**DATA SECTION**:
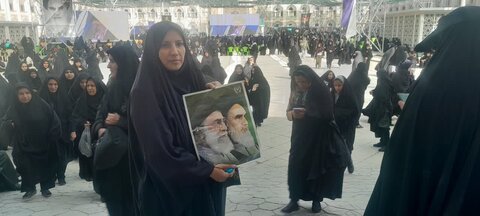 تصاویر/حضورطلاب مدرسه علمیه حضرت صدیقه طاهره غرق آباد درمرقد امام‌خمینی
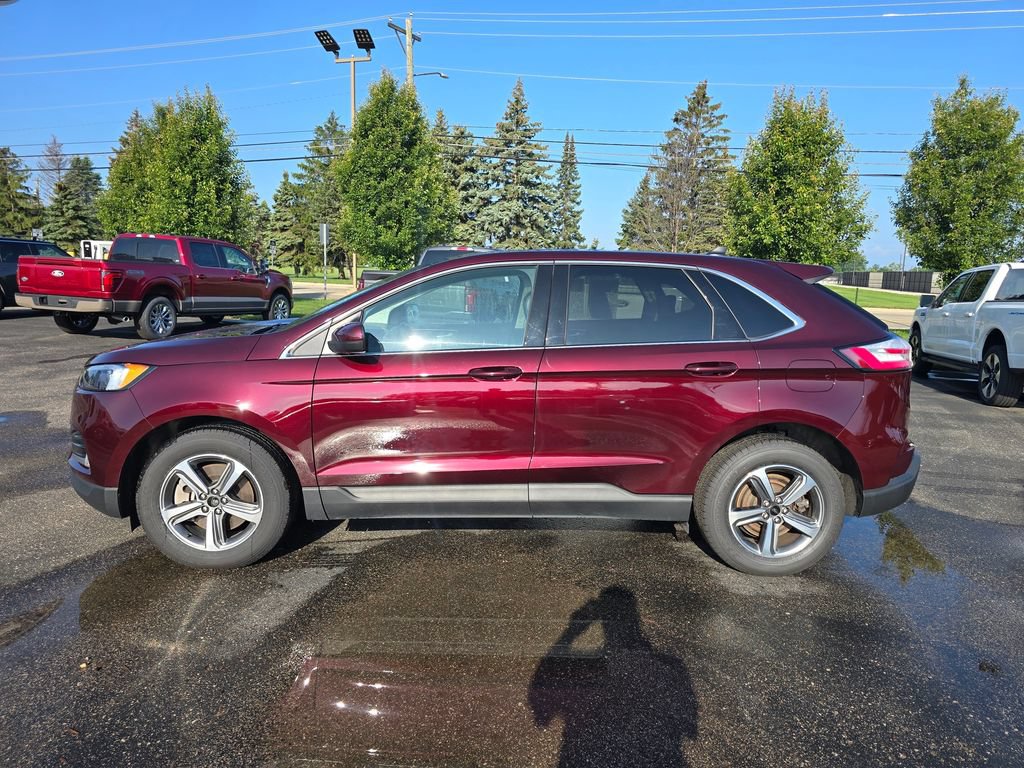 Certified 2023 Ford Edge SEL w/ Convenience Package AWD/4WD image 2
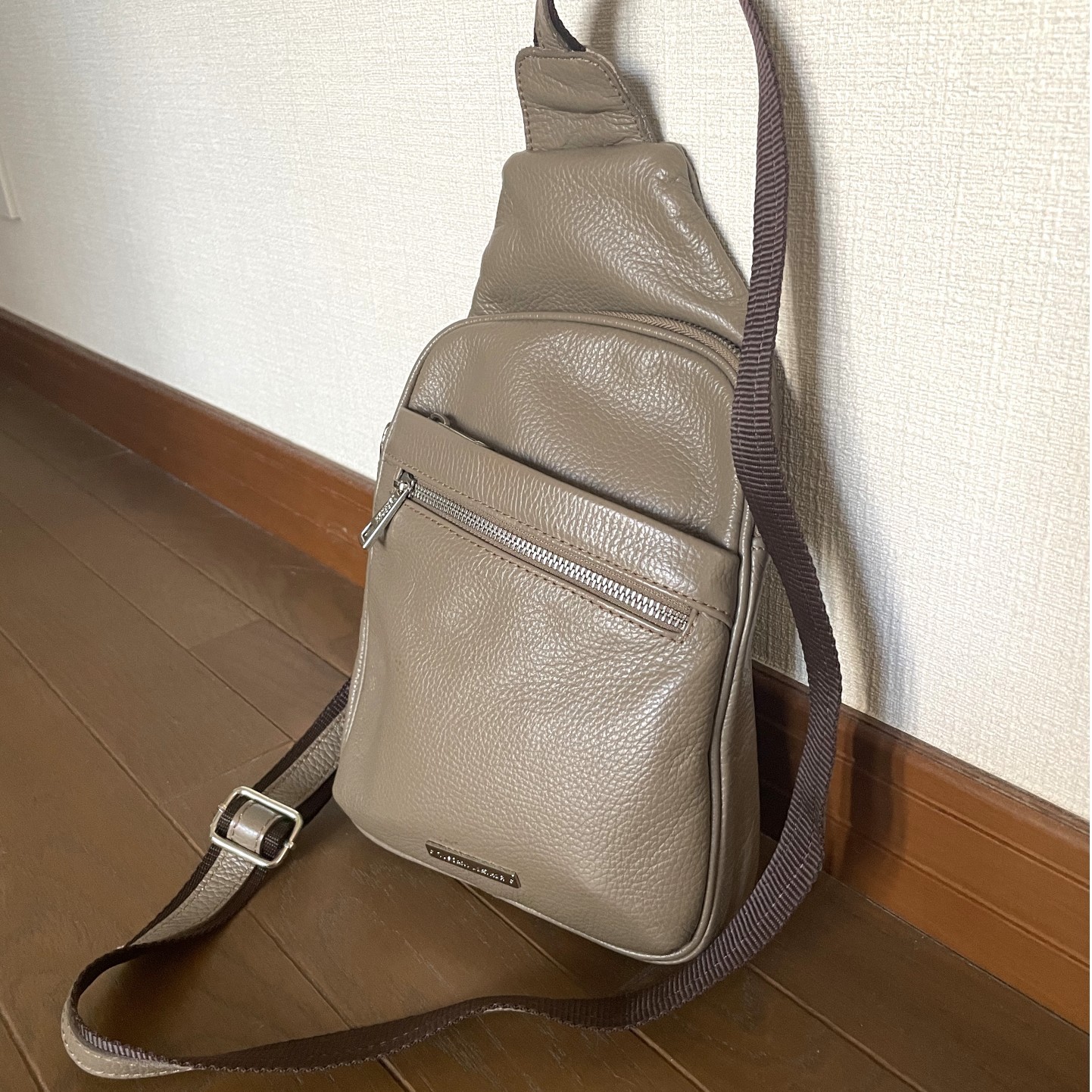 即発【Tuscany Leathert 】イタリア製クロスボディバッグ 即発【Tuscany Leathert 】イタリア製クロスボディバッグALBERT
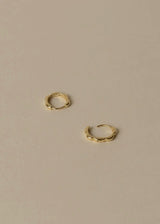 Ali Scalloped Huggie Hoops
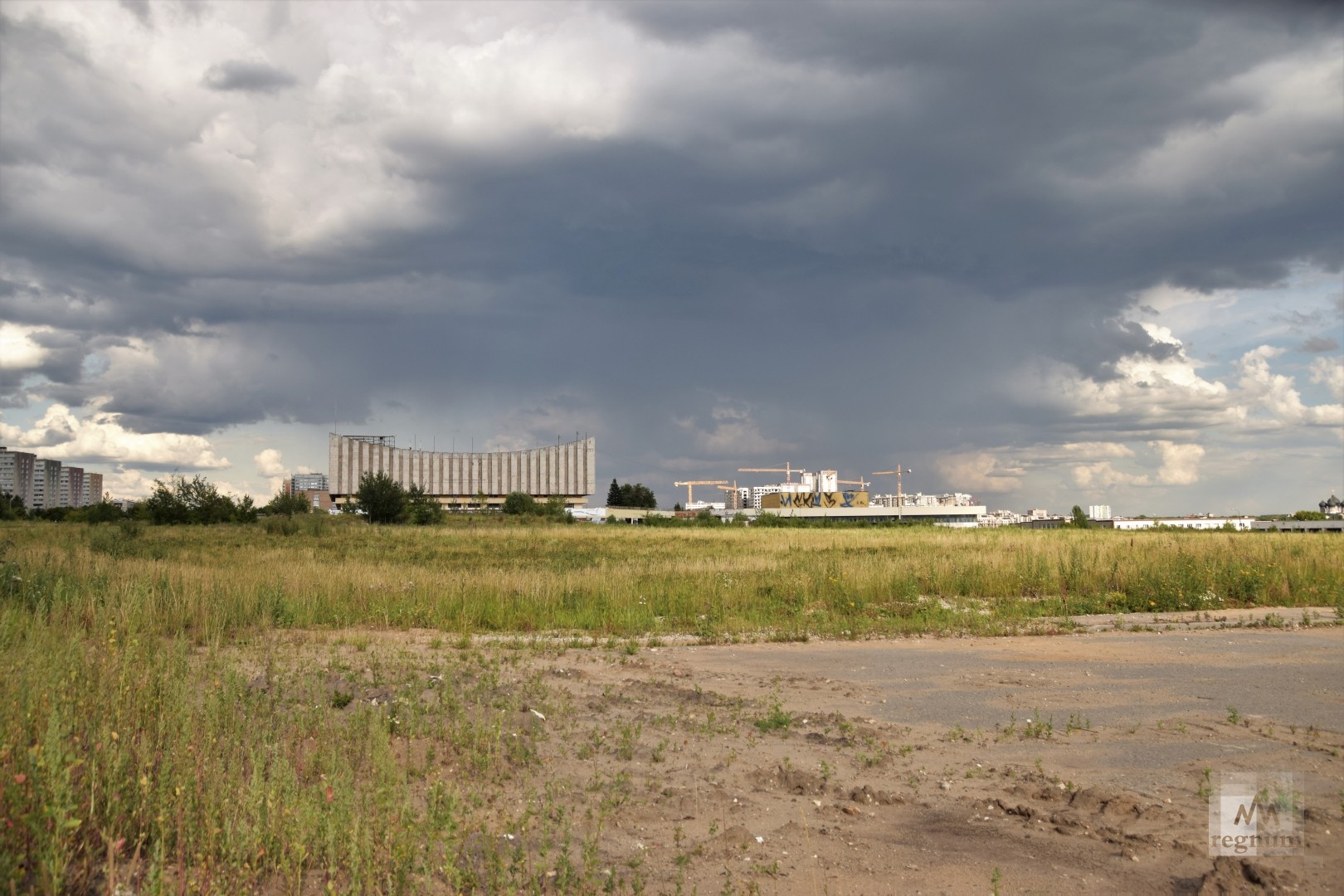 Пустырь. Городской пустырь. Пустырь в городе. Пустырь Россия.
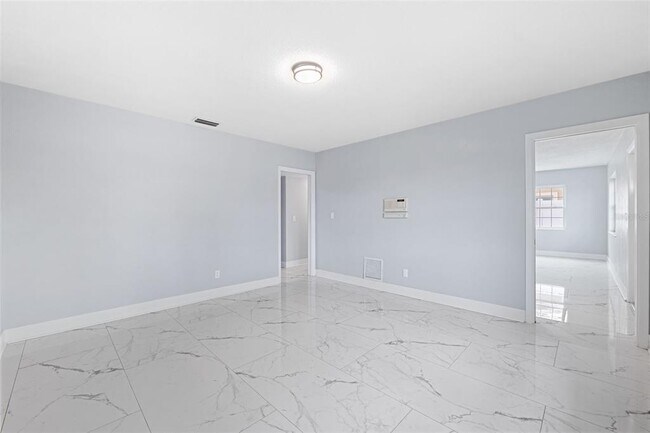 Building Photo - 4000 14th Way NE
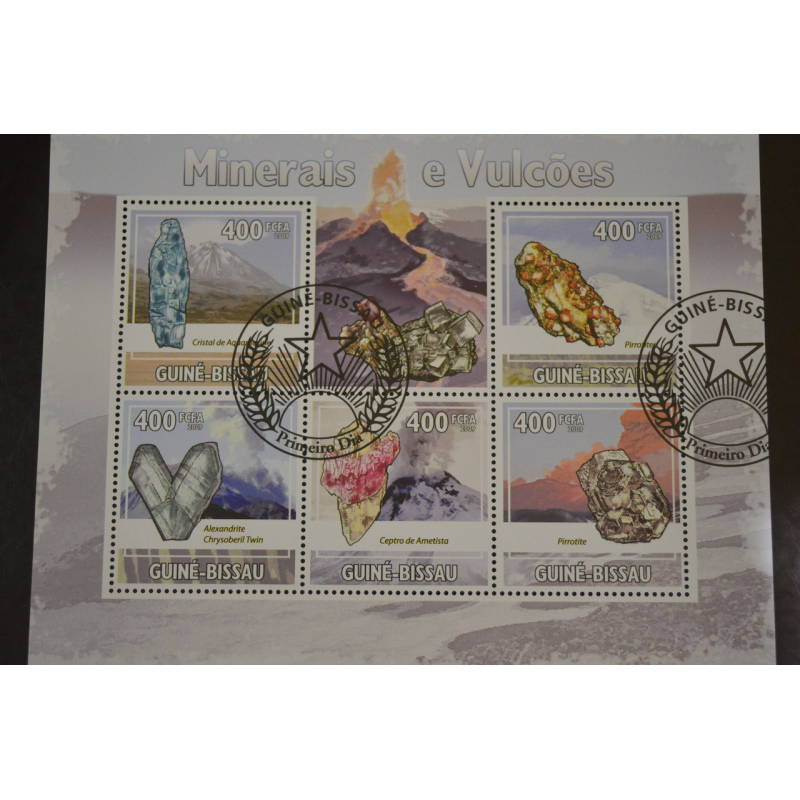 Гвінея - Бісау. Марки. Історія. Особистості. Блок. 2009 рік (В-5)
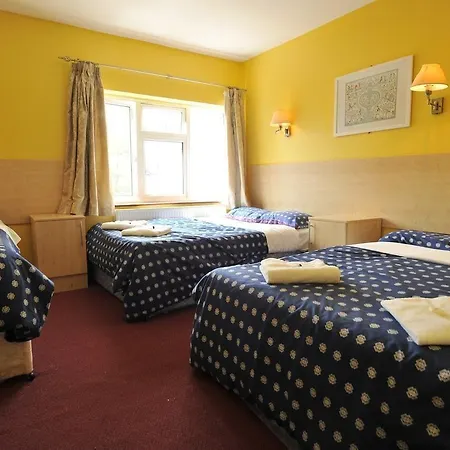 Acton Town Hotel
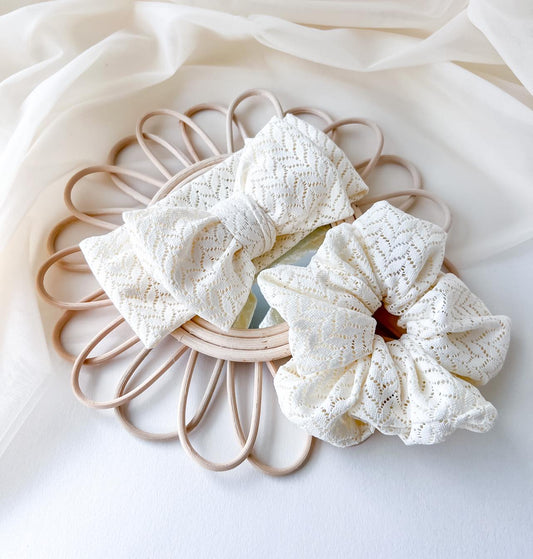 Oversized Topknot | White Lace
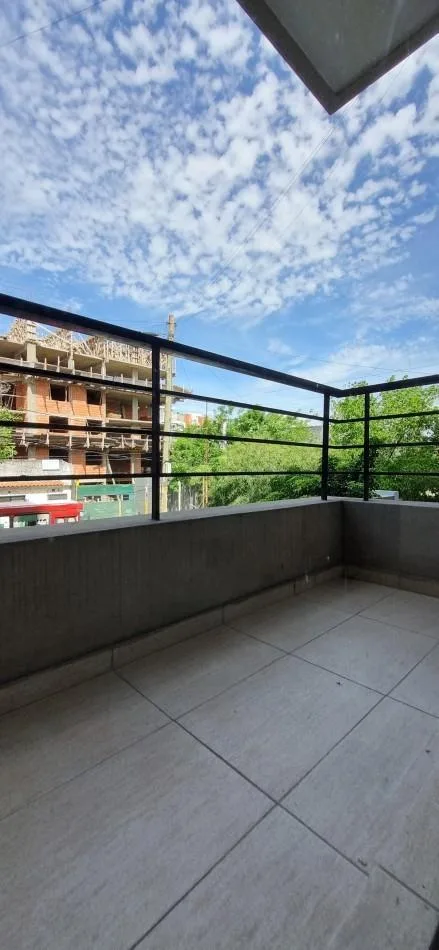 Kitnet no segundo andar em Morón Sur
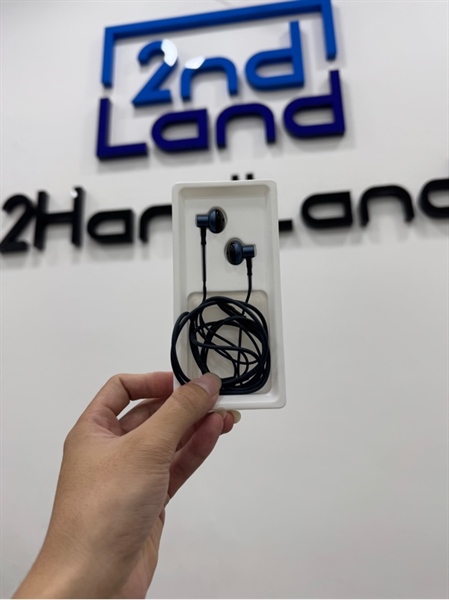 Tai nghe có dây Baseus Encok H19 - Màu đen - Ngoại hình 97% - Mất lưới trong tai phải - Box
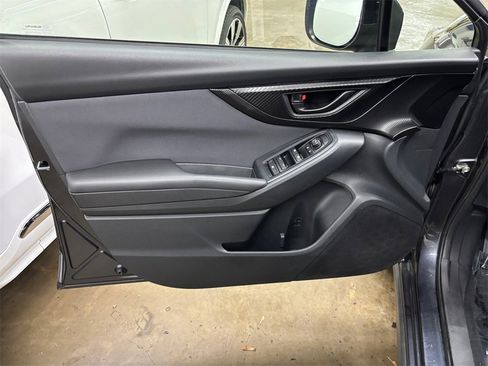 Used 2019 Subaru Crosstrek 2.0i Premium w/ Eyesight System image 11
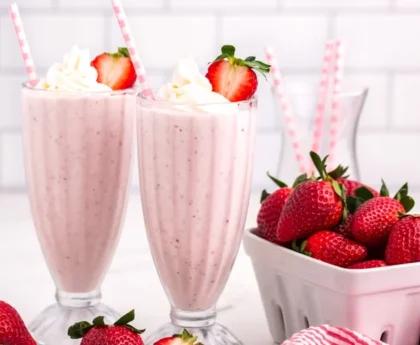 "Refreshing and Delicious: Unique Strawberry Milkshake Recipe"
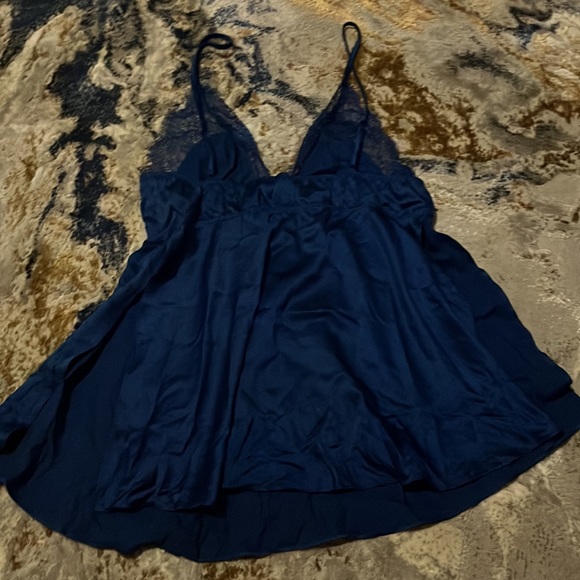 Victoria’s Secret Teal Lace Babydoll - Picture 5 of 6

**YOUR TASK**:
Print the data above exactly, from its first line to the line bearing "Пустырь. Городской пустырь." inclusive, and keep pictures out of the result.

**TASK RESULT**:
 تصاویر/حضورطلاب مدرسه علمیه حضرت صدیقه طاهره غرق آباد درمرقد امام‌خمینی
 Certified 2023 Ford Edge SEL w/ Convenience Package AWD/4WD image 2
 即発【Tuscany Leathert 】イタリア製クロスボディバッグ 即発【Tuscany Leathert 】イタリア製クロスボディバッグALBERT
 Ali Scalloped Huggie Hoops
 Пустырь. Городской пустырь. Пустырь в городе. Пустырь Россия.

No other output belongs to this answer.